PROBLEM TO SOLVE>
Every line from the one containing "Rushipeetham Lalitha Sahasra Namam Stotram" to the one containing "見返坂隧道群列縣定古蹟 苗縣府邀民參與修復再利用計畫" in the records below, both included, must be set down exactly, and no other line.

EXERCISE MATERIAL>
● ● ● ●
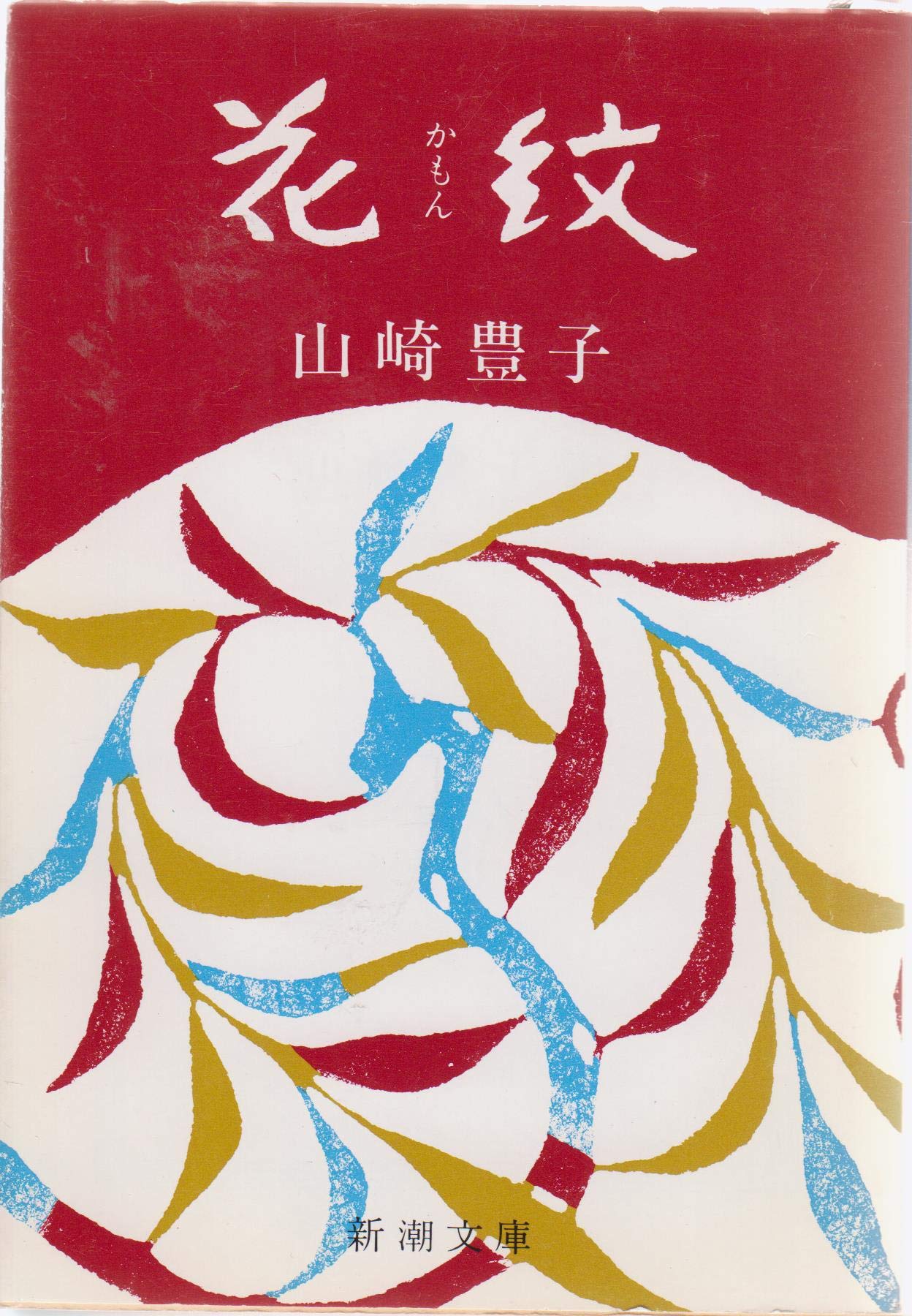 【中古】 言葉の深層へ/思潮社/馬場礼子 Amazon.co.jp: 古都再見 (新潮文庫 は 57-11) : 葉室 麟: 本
● ● ● ●
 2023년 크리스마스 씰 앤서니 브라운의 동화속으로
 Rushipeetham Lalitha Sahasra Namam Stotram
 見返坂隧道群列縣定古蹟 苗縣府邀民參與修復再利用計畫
● ● ● ●
EXERCISE RESULT>
 Rushipeetham Lalitha Sahasra Namam Stotram
 見返坂隧道群列縣定古蹟 苗縣府邀民參與修復再利用計畫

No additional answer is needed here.